Cari Amici Lions,
come ormai in molte altre circostanze vi ho messo a parte di alcune mie riflessioni,
anche questa volta dovrete sopportarmi e vi prego di scusarmi.
La settimana che andava dal 25 al 31 agosto sono andato con Cira a trascorrere
alcuni giorni in un agriturismo, nei pressi del lago di Bolsena, dal nome
che era tutto un programma: “Agriturismo Buonumore”! A pochi chilometri
da Acquapendente e con molti dintorni interessanti sia dal punto di vista
turistico che gastronomico, ha consentito a Cira e a me di allontanare da
noi la fatica, anche morale, alla quale abbiamo soggiaciuto per circa due
mesi affrontando la vicenda di Gerano.
Ma non è su questo che voglio intrattenervi.
Il giorno stesso in cui siamo arrivati, nel metterci a tavola per il pranzo,
ci siamo trovati a stretto contatto di gomito con un gruppo di almeno sedici-diciassette
persone, otto delle quali portatrici di handicap più o meno gravi,
assistite dalla ASL RM4 a mezzo di una cooperativa sociale.

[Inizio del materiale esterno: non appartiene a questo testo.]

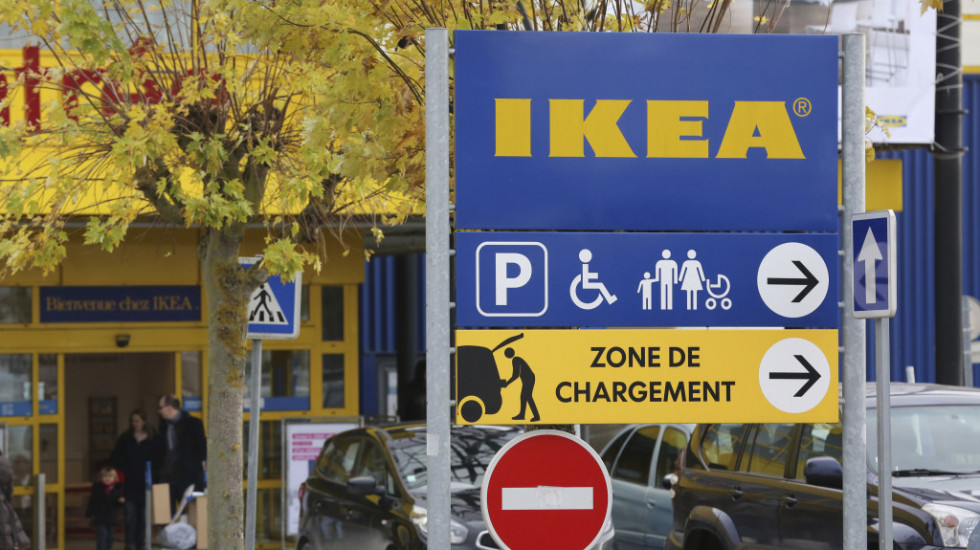 Ikea kažnjena sa milion evra u Francuskoj zbog špijuniranja zaposlenih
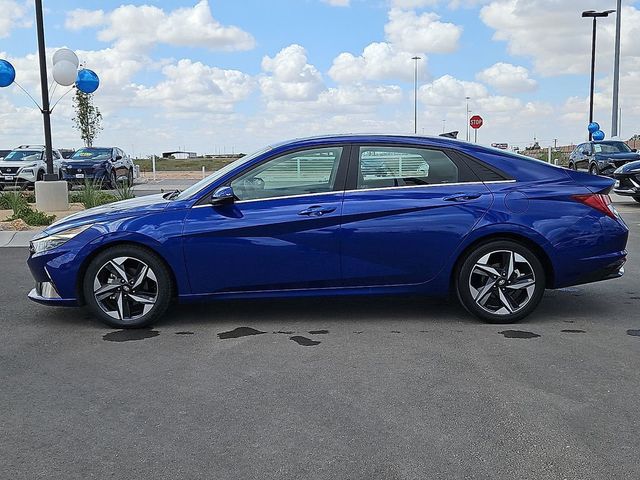 2023 Hyundai Elantra Limited - 23054335 - 4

Vi erano persone,
prevalentemente giovani, completamente raggomitolate dentro ad una carrozzina;
altre che per camminare dovevano essere sostenute e insieme guidate, perché
anche non vedenti; altre ancora dall’aspetto quasi normale, ma che calzavano
un caschetto protettivo in quanto, evidentemente, soggette a crisi di natura
epilettica che avrebbero potuto danneggiarle.
Mi fermo qui, anche perché tutti conosciamo i vari aspetti con i quali
si presentano gli handicap che possono aggredire una persona.

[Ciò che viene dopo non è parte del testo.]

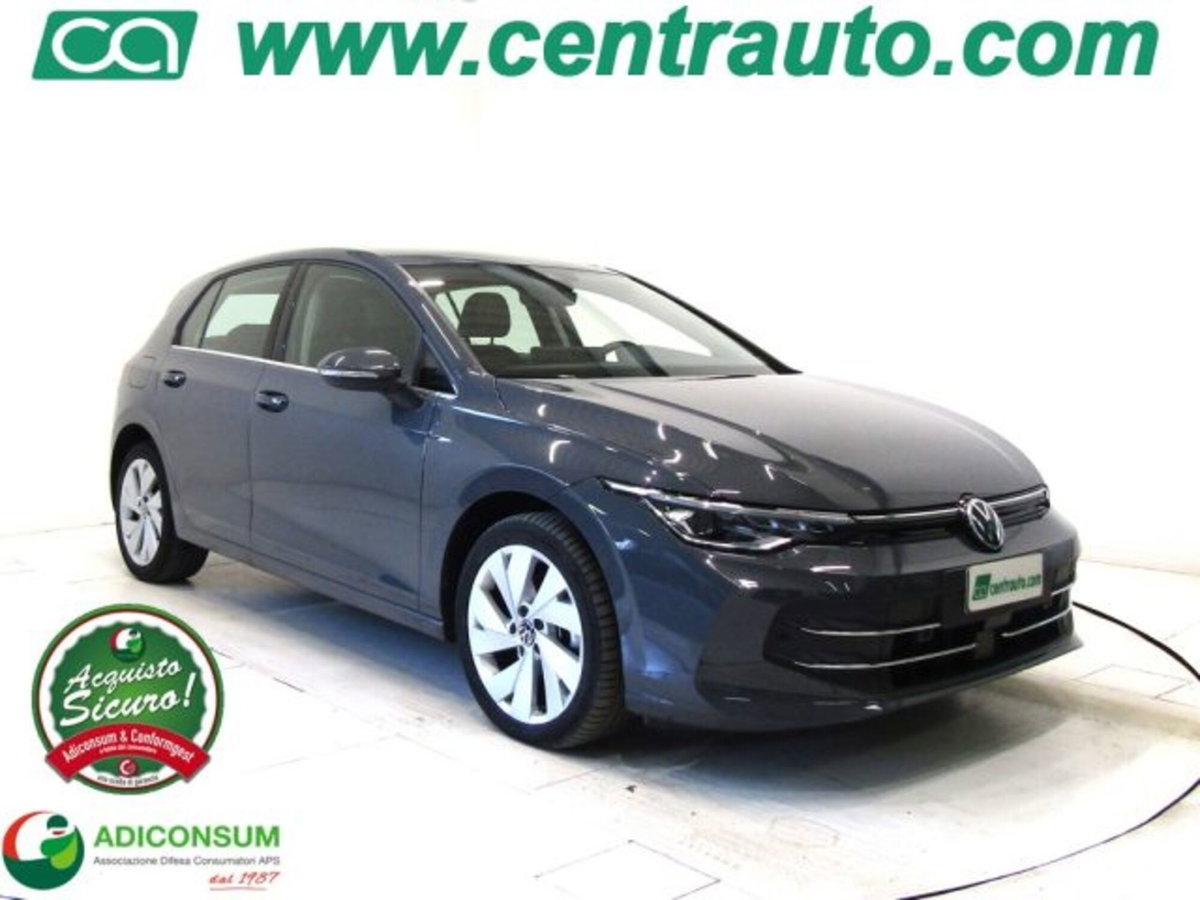 Volkswagen Golf Variant 2.0 tdi Style 150cv dsg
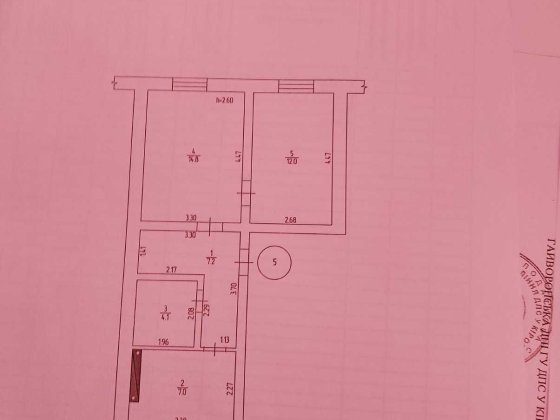 Продажа  квартири Завалье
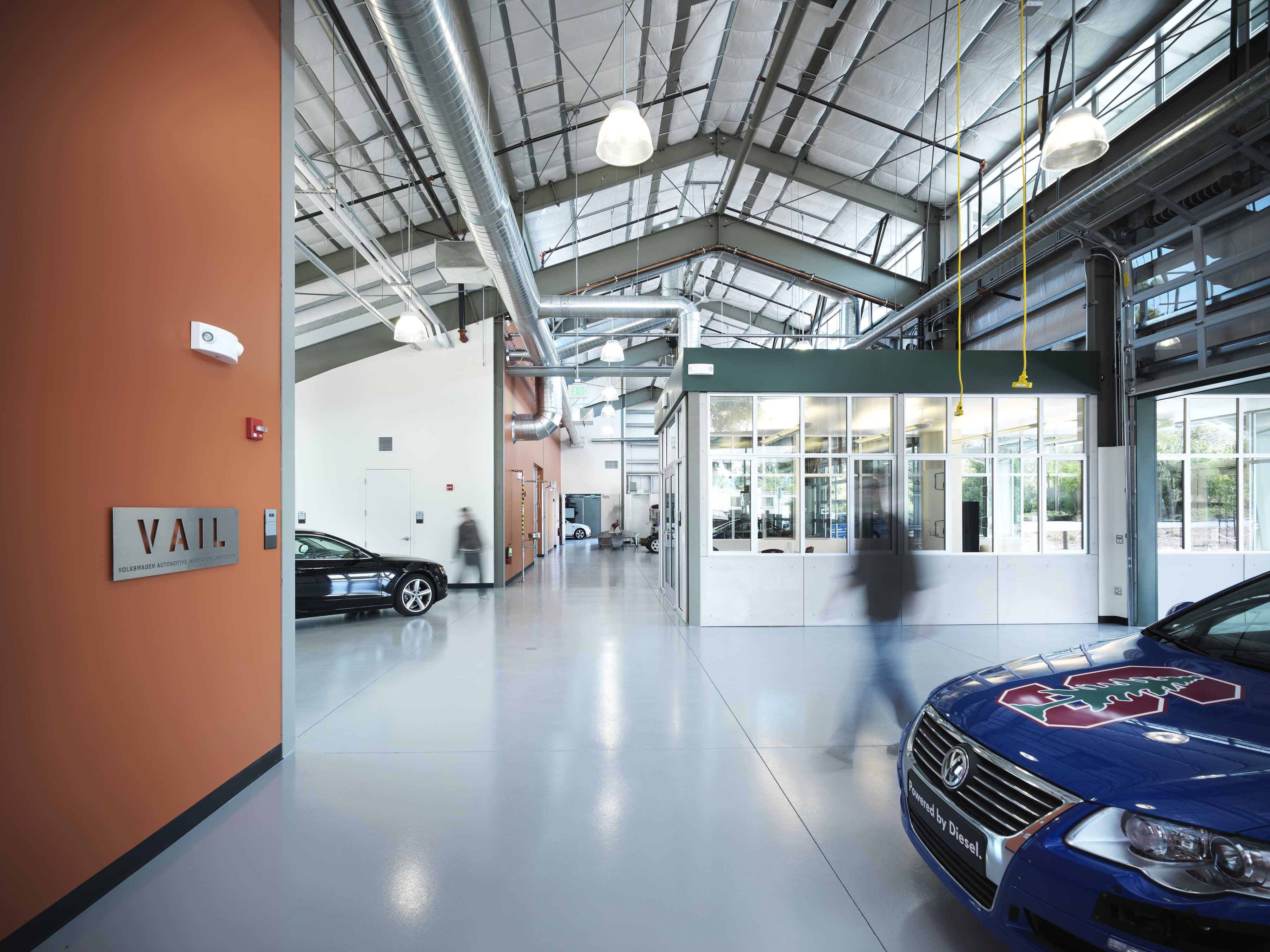 Volkswagon Automotive Innovation Lab (V.A.I.L.), Stanford University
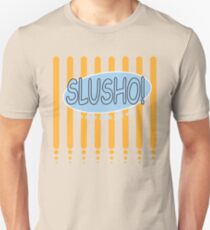 Slusho- late 70s era version Unisex T-Shirt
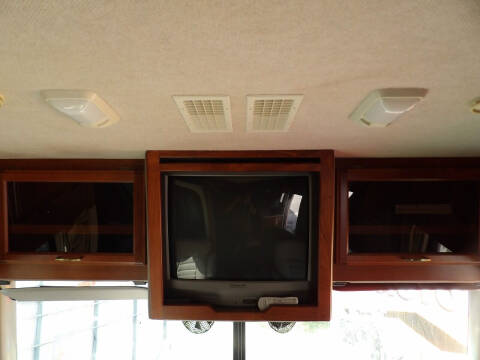 2004 Fleetwood RV 35e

Posso affermare in totale verità - e dovete credermi, perché
conoscete bene sia Cira che me - che la circostanza non ci ha assolutamente
creato né disagio né curiosità: la nostra vita si dipana
anche attraversando momenti del genere, perché ad essa loro appartengono
e ci accompagnano e ci aiutano a capire quanto dolore ci circonda e del quale,
molte volte, ci rifiutiamo di prendere atto.

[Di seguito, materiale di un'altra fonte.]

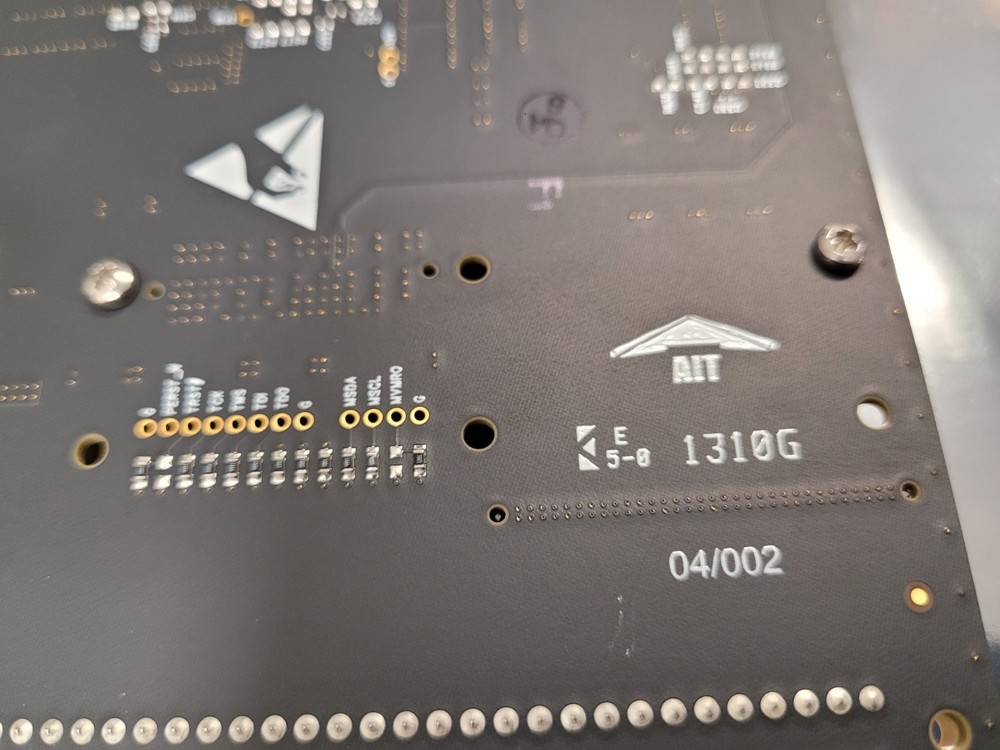 AIT 1553 PCIe TEST & SIMULATION INTERFACE CARD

Ma quel che ha destato il nostro interesse e la curiosità è
stato l’atteggiamento degli accompagnatori nei confronti delle persone
affidate alle loro cure. Premetto che, tranne una signora di circa cinquant’anni
che, evidentemente, era la responsabile del gruppo, tutti gli altri erano
giovanissimi, tra i venti e i venticinque anni, ragazze e ragazzi. Tra gli
altri un ragazzo nero, con un fisico che non aveva nulla da invidiare a quegli
atleti che si erano esibiti nei Giochi olimpici appena conclusi!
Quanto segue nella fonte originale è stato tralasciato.